The Archeological Museum donates to the University remains of a meteorite that fell on Cangas de Onís in the 19th Century
May 15, 2014
The ten fragments identified will be publicly exhibited for the first time and permanently at the Museum of the Faculty of Geology
The Archeological Museum of Asturias has donated to the Museum of the Faculty of Geology of the University of Oviedo ten fragments of the meteorite that fell on Cangas de Onís in 1866. The act, which took place this morning at the premises of the Museum of Geology, featured Ignacio Alonso (Director of the Archeological Museum of Asturias), Luis Miguel Rodríguez Terente (Director Curator of the Museum of Geology), Álvaro Rubio Ordónez (Professor responsible for the discovery) and the academic authorities of the Department and Faculty of Geology, as well as different teachers from related disciplines.

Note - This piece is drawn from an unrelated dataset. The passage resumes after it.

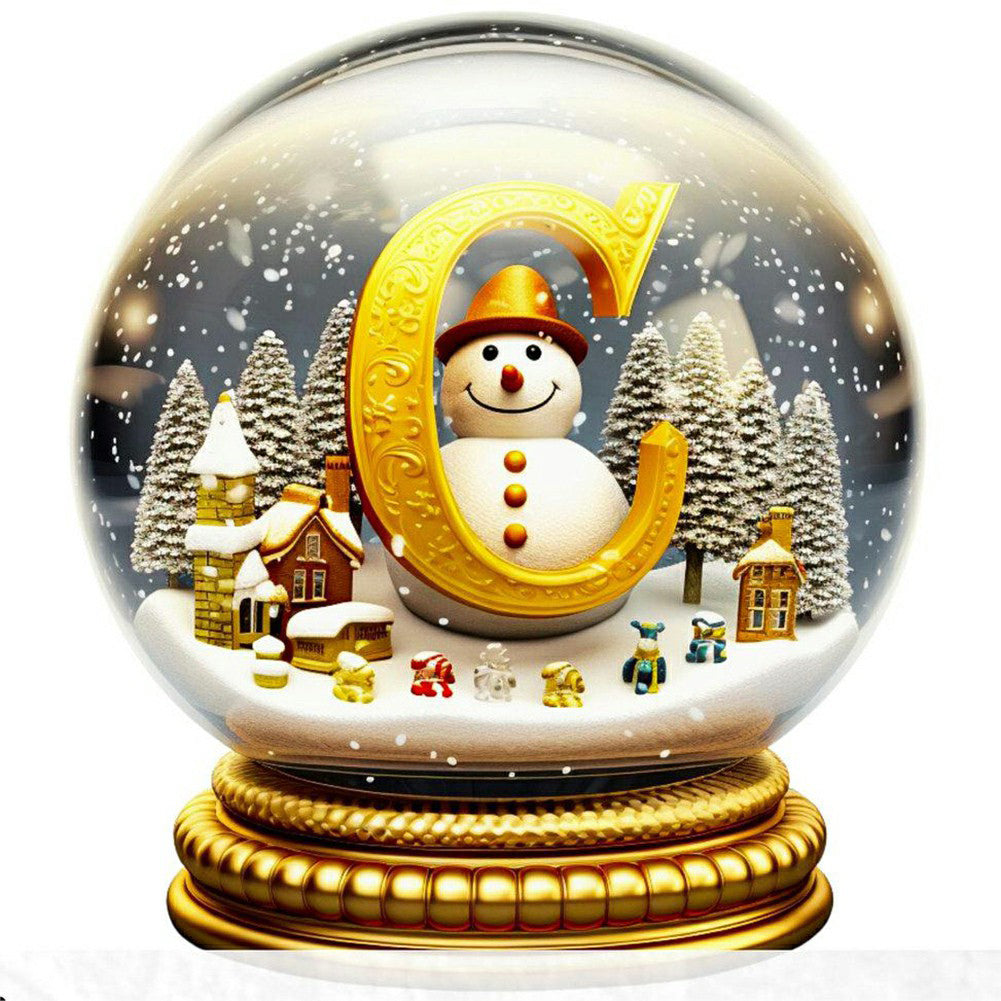 Diamond Painting - Full Round - Christmas crystal ball C (50*50CM)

Thanks to the agreement reached with the Archeological Museum of Asturias, the new meteorites will be exhibited permanently and for the first time in a display at the Museum of Geology of the University of Oviedo, alongside the historical fragment that was placed in the Office of Natural History of the University, and which, with its 3,278 g, constitutes the second largest sample of this meteorite in the world, after the one that is kept at the Museum of Natural Sciences of Madrid.
The new pieces of the collection have been identified as ten meteorites whose total weight amounts to 414.10 g. According to the existing documentation, around 56 pieces were recovered from the aforementioned meteorite, which would amount to a total of 35 kg. Several unfortunate historical events have led to the survival of only 22 kg of the meteorite, making its survey and analysis very difficult due to the disappearance of samples, loss of assets, etc. These samples are spread throughout nationa and international museums, such as those of Paris, Washington or London.
The meteorite that fell on Cangas de Onín on December 6, 1866 is one of the most studied meteors in the world, since, like the one that fell on Chelyabinsk (Russia) in February 2013, the moment of its desintegration was heard and seen by the inhabitants of the area. This made it easier for many of them to recover the fragments that they saw falling on the ground. The composition of iron of these meteorites makes them very unstable in our climatic conditions, which destroyed the samples that had not been recovered some months after the fall.